Hyperbook V17 Liquid test with NVIDIA GeForce RTX 4090 Laptop GPU.

Last year, one of the laptops we tested offered liquid cooling. Compared to solutions from a few years ago, the concept discussed here was to use a separate, although small, unit with a pump for liquid cooling. It was enough to connect the included hoses to the laptop and almost immediately you could enjoy better performance under load and lower temperatures.
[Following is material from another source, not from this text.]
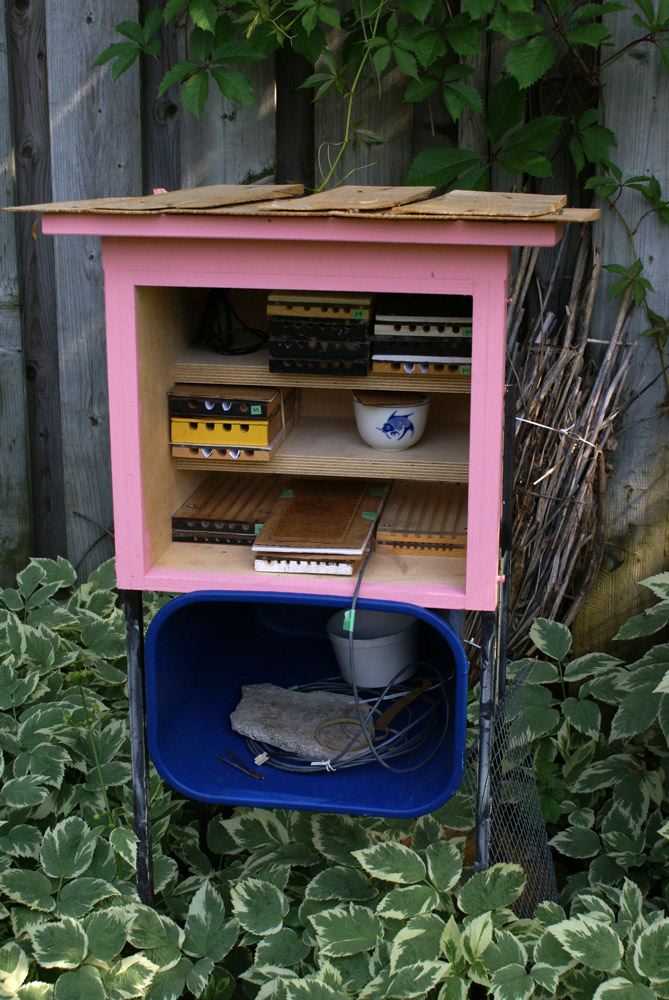 bee_hut2.jpg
The laptop we're talking about is the Hyperbook V17 Liquid - last year it came with an Intel Core i9-12900H processor and an NVIDIA GeForce RTX 3080 Ti Laptop GPU. This year, the company launches its improved version with much stronger components - Intel Core i9-13900HX and NVIDIA GeForce RTX 4090 Laptop GPU. We check how the same cooler (well, almost the same, because it has been slightly improved) will cope with much more efficient components. NVIDIA GeForce RTX 4090 Laptop GPU is the flagship graphics chip of the current generation for portable computers. It should be noted, however, that it has nothing to do with the desktop GeForce RTX 4090 card. It was decided to keep the specifications similar to the desktop version of the GeForce RTX 4080. So we get a practically identical AD103 core with 9728 CUDA FP32 cores, 76 3rd generation RT cores and 304 cores Generation 4 Tensor. Ada Lovelace's architecture is the same for both desktops and laptops. We have more efficient CUDA cores, rebuilt RT cores for accelerating ray tracing calculations, and new Tensor cores with support for Frame Generator and Optical Flow Accelerator. The whole thing is complemented by 16 GB of GDDR6 memory, which works on a 256-bit bus. For testing, we received a Hyperbook V17 Liquid laptop, which is the most powerful model offered by the company. The maximum power of the NVIDIA GeForce RTX 4090 Laptop GPU is 175 W. The whole process was developed using a completely new and more advanced TSMC 4N lithography technology, which allowed to place over 45 billion transistors in a relatively small area of ​​the AD103 graphics core. Thanks to this, it was possible to achieve an almost threefold increase in transistor packing density compared to the GA103 core in the Ampere architecture and the Samsung 8nm process.